Mécanismes moléculaires de tumorigenèse dans les phéochromocytomes des clusters 1 et 2. Dans les tumeurs du cluster 1 (A), l’accumulation de succinate ou l’inactivation de VHL conduit à la stabilisation et à l’activation des HIF, même en présence d’oxygène. Dans les tumeurs du cluster 2 (B), l’activation du récepteur RET ou la perte de la fonction NF1 est responsable d’une activation des voies RAS/RAF et AKT/mTOR. Ub : ubiquitine ; AC : adénylate cyclase ; AMPc : AMP cyclique ; SHC : Src homology 2 domain containing protein ; GRB2 : growth factor receptor-bound protein 2 ; SOS : son of sevenless protein ; PTEN : phosphatase and tensin homolog protein ; CREB : cAMP response element-binding ; 2-OG : 2-oxoglutarate ; PHD : prolyl hydroxylose ; TOR : target of rapamycin. |
Cluster 1B : mutations de VHL
La maladie de von Hippel-Lindau (VHL), caractérisée notamment par le développement de carcinomes du rein à cellules claires, d’hémangioblastomes du système nerveux central ou de la rétine, de tumeurs pancréatiques et de PGL/PCC, est causée par des mutations inactivatrices du gène suppresseur de tumeur VHL (pour revue, voir [
20]). Le produit de ce gène est une ubiquitine ligase E3 dont l’activité en normoxie conduit à la dégradation des HIF par le protéasome, ce qui explique le profil pseudohypoxique ( cluster 1) des tumeurs qui ont perdu la fonction VHL (Figure 2). Les PGL/PCC liés à des mutations VHL sont souvent bilatéraux ou multiples, rarement malins et de survenue plus précoce que dans d’autres syndromes héréditaires (Tableau I).

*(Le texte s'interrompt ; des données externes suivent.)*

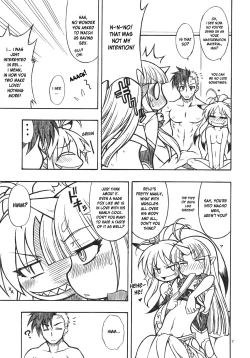 Page 6 of Mugen Otome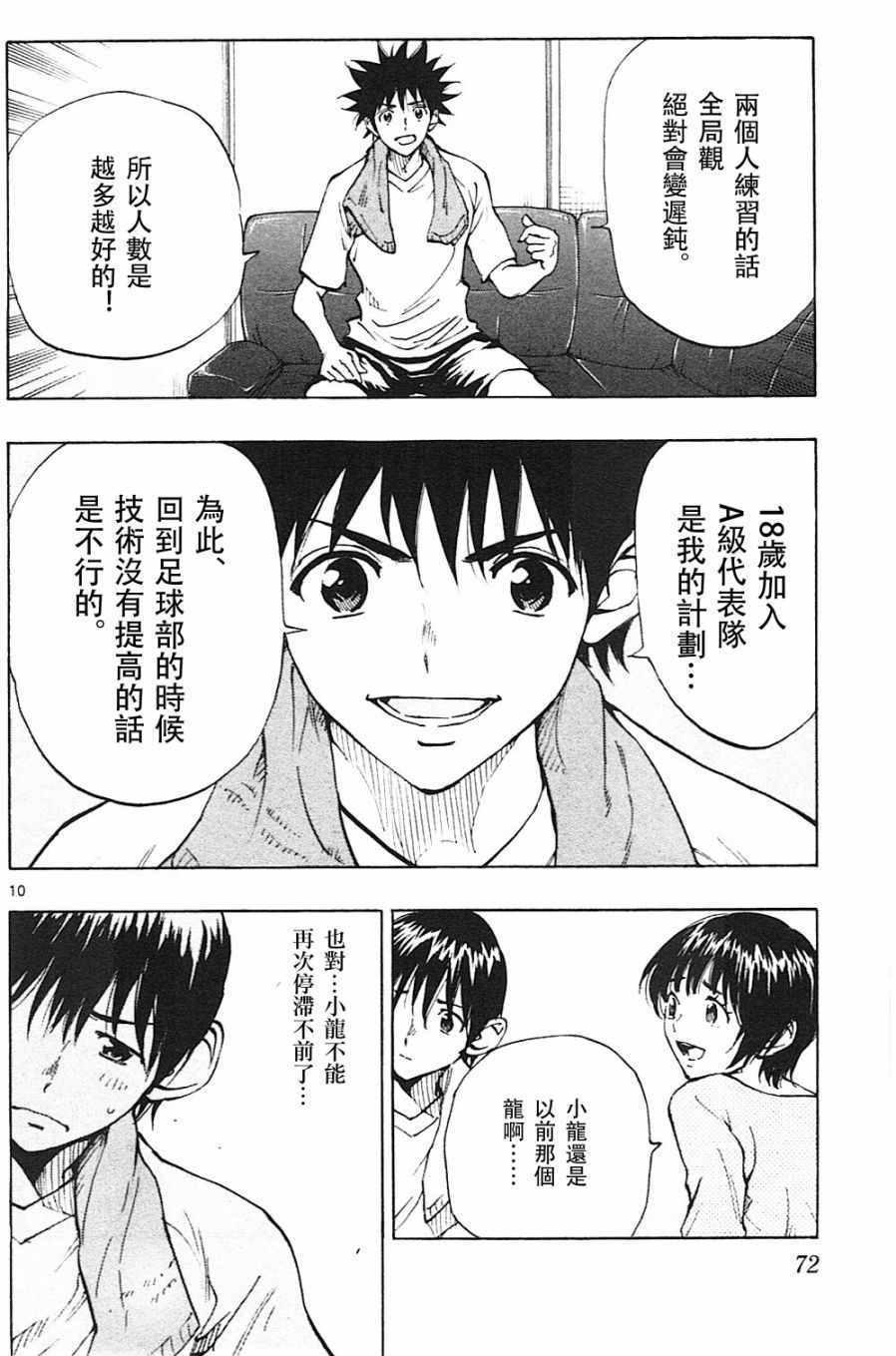 🍵BE BLUES!~化身为青 第111话 第10页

En conséquence, les mutations VHL sont détectées chez plus de 40 % des patients pédiatriques porteurs d’un PGL/PCC [
21]. Par ailleurs, des mutations somatiques de VHL associées à la perte du chromosome 3p ont été découvertes dans des PGL/PCC sans mutation germinale de VHL, mais dont le profil d’expression génique les classait dans le cluster 1B [ 11]. Le risque de développer un PCC et/ou un carcinome rénal est à la base des associations génotype/phénotype de la maladie de VHL. Ainsi, le sous-type 2 définit les patients à haut risque de PGL/PCC, alors que dans le VHL de type 1, le risque est faible de développer un PCC, mais élevé de développer un carcinome rénal. Cette pénétrance phénotypique variable semble résulter d’une exigence, par les cellules chromaffines ou leurs précurseurs, d’une fonction résiduelle de VHL qui serait superflue pour les cellules rénales. Il est ainsi extrêmement rare de trouver des délétions complètes ou des mutations tronquantes du gène VHL dans les PGL/PCC, alors qu’elles sont fréquentes dans les formes de la maladie associées au cancer du rein. Il a été proposé que les mutations faux-sens du gène, responsables de la maladie de type 2C (qui ne conduit qu’à des PGL/PCC), affecteraient des fonctions de VHL indépendantes des HIF et perturberaient la voie apoptotique dépendante de Jun, favorisant ainsi la croissance tumorale.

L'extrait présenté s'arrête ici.